*Information given*:
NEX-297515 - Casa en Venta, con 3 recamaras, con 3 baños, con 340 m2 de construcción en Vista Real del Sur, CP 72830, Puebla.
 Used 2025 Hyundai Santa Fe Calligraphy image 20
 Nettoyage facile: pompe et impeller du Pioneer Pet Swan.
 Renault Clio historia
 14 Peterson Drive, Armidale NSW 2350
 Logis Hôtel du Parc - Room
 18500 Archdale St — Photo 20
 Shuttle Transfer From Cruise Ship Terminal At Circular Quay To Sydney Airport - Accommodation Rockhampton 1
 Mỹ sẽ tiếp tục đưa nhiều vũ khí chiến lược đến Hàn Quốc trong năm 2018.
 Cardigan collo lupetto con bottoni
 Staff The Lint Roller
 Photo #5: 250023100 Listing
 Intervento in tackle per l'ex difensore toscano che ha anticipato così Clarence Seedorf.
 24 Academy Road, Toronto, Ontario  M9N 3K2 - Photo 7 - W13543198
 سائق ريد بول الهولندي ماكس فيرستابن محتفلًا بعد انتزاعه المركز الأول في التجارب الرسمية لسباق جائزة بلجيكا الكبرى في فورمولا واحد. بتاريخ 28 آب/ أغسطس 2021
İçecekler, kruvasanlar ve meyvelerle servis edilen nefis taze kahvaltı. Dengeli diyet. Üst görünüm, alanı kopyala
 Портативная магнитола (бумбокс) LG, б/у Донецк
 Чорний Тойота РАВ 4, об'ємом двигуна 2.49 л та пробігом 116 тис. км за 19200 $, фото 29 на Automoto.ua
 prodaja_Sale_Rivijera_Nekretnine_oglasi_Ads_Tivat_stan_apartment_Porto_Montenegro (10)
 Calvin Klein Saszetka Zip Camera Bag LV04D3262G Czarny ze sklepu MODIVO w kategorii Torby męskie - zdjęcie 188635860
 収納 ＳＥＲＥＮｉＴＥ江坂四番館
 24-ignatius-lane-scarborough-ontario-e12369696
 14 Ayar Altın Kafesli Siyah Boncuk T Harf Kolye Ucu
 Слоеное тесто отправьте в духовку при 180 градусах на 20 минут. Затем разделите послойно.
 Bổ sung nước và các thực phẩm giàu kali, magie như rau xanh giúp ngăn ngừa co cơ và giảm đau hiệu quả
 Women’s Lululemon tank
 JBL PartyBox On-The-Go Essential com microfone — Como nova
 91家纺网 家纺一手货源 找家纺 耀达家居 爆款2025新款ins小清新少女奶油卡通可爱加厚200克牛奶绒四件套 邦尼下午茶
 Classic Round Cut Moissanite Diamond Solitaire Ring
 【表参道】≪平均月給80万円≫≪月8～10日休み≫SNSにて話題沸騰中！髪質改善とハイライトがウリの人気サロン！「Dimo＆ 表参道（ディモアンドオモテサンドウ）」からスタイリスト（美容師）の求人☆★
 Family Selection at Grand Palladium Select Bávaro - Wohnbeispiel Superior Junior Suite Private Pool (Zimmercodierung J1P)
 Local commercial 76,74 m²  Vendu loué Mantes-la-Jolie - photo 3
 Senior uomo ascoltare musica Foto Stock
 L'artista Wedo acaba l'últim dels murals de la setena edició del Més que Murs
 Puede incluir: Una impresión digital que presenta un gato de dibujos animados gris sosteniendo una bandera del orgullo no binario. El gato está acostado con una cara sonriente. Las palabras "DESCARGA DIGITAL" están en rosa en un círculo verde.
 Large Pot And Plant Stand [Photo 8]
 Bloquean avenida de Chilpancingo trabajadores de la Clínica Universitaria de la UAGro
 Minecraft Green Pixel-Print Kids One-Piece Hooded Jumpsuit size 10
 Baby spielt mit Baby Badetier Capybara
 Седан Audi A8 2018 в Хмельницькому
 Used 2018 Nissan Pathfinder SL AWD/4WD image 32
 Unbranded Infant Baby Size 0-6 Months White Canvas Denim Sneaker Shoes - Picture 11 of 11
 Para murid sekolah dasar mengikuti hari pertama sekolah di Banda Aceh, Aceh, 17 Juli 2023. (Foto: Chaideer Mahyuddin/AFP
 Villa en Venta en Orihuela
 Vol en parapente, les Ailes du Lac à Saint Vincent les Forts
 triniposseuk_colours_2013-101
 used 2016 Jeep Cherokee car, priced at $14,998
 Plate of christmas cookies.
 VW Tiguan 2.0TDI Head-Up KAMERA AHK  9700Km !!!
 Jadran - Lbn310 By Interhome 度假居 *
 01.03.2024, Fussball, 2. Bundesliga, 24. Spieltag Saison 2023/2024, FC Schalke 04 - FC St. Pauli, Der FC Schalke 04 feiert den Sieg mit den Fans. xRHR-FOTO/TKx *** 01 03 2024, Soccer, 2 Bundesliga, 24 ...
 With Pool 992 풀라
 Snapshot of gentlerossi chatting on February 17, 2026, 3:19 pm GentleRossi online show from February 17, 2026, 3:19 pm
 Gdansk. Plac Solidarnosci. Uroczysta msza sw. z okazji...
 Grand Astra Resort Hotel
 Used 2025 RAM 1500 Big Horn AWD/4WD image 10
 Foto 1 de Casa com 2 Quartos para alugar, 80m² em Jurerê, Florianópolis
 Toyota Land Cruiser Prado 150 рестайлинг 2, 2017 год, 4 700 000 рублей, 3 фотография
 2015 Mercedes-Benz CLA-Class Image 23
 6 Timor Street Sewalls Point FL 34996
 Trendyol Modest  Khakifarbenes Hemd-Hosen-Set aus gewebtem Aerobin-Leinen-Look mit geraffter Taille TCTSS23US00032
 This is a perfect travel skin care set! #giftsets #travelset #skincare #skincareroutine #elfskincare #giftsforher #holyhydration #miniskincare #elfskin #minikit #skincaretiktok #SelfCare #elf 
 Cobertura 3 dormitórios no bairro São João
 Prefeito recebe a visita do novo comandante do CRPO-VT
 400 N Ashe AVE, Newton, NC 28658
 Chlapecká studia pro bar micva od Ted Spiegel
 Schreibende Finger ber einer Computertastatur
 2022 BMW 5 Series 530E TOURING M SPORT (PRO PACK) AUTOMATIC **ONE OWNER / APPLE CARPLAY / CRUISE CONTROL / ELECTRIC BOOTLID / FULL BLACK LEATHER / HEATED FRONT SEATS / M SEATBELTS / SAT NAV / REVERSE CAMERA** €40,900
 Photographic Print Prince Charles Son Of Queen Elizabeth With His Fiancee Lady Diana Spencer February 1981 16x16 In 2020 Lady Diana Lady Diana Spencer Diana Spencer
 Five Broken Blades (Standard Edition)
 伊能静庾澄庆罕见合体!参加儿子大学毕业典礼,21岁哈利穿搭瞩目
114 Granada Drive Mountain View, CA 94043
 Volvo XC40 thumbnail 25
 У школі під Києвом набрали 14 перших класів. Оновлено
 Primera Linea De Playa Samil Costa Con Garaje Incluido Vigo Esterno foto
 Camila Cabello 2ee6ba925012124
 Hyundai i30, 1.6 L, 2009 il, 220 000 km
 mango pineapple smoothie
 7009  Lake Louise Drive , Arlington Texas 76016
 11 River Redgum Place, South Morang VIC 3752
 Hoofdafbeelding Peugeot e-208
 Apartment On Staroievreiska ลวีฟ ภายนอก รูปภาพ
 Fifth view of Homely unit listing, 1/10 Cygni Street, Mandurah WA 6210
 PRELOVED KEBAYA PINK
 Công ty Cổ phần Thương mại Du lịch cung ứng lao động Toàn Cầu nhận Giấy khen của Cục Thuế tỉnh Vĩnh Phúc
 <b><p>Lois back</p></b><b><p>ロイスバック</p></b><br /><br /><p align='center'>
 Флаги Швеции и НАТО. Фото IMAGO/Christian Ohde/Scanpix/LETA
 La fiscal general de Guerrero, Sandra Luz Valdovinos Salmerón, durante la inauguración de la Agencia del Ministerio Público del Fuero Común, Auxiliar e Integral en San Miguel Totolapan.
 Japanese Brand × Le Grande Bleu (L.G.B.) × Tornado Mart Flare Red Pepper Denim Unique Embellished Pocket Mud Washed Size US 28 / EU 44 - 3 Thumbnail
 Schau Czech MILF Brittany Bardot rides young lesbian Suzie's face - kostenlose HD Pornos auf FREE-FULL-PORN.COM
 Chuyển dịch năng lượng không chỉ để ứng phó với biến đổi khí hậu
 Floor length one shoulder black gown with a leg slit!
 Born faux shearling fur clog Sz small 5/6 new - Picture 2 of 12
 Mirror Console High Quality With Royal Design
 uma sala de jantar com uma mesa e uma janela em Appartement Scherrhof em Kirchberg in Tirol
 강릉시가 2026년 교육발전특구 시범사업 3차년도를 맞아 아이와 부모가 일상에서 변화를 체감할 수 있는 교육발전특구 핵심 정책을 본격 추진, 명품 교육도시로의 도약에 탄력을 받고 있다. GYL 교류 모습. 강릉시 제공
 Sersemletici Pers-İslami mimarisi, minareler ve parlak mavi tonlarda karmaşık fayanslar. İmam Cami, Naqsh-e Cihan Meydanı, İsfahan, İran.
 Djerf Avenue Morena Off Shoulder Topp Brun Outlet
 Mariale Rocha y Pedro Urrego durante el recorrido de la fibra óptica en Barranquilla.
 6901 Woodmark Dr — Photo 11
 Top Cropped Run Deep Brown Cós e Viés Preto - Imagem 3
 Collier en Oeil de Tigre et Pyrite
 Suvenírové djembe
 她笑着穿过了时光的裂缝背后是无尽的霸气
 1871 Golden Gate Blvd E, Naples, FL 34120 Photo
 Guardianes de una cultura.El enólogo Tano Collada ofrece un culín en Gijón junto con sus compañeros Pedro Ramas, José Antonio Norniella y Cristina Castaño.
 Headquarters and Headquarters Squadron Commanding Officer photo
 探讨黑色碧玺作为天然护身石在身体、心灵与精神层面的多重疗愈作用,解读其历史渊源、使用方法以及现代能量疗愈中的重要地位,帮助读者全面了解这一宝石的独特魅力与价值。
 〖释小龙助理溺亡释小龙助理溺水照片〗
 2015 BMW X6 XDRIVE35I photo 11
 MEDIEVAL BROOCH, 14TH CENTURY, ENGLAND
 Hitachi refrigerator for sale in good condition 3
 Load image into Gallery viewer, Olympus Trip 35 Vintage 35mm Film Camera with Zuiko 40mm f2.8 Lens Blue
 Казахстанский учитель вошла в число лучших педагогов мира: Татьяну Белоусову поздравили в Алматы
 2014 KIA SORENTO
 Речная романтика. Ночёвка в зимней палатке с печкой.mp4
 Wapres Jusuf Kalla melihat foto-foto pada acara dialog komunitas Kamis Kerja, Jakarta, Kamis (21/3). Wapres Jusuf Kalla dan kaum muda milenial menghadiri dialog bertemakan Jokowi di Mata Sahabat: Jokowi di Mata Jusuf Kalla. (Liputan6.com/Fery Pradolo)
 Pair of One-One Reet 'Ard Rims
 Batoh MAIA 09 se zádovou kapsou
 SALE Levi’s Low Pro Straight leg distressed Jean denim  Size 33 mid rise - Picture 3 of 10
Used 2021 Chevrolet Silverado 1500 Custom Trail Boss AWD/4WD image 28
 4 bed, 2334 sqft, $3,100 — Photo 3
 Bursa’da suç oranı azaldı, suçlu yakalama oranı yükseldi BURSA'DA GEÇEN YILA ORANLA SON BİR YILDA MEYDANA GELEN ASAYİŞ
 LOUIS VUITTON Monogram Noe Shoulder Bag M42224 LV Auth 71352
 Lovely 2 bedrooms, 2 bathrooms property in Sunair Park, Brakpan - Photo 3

*Problem statement*:
The stretch of entries above that starts with the line containing "Photographic Print Prince" and goes on through the line containing "Apartment On Staroievreiska" is to be transcribed exactly, and no other line is to be transcribed.

*Exercise solution*:
 Photographic Print Prince Charles Son Of Queen Elizabeth With His Fiancee Lady Diana Spencer February 1981 16x16 In 2020 Lady Diana Lady Diana Spencer Diana Spencer
 Five Broken Blades (Standard Edition)
 伊能静庾澄庆罕见合体!参加儿子大学毕业典礼,21岁哈利穿搭瞩目
114 Granada Drive Mountain View, CA 94043
 Volvo XC40 thumbnail 25
 У школі під Києвом набрали 14 перших класів. Оновлено
 Primera Linea De Playa Samil Costa Con Garaje Incluido Vigo Esterno foto
 Camila Cabello 2ee6ba925012124
 Hyundai i30, 1.6 L, 2009 il, 220 000 km
 mango pineapple smoothie
 7009  Lake Louise Drive , Arlington Texas 76016
 11 River Redgum Place, South Morang VIC 3752
 Hoofdafbeelding Peugeot e-208
 Apartment On Staroievreiska ลวีฟ ภายนอก รูปภาพ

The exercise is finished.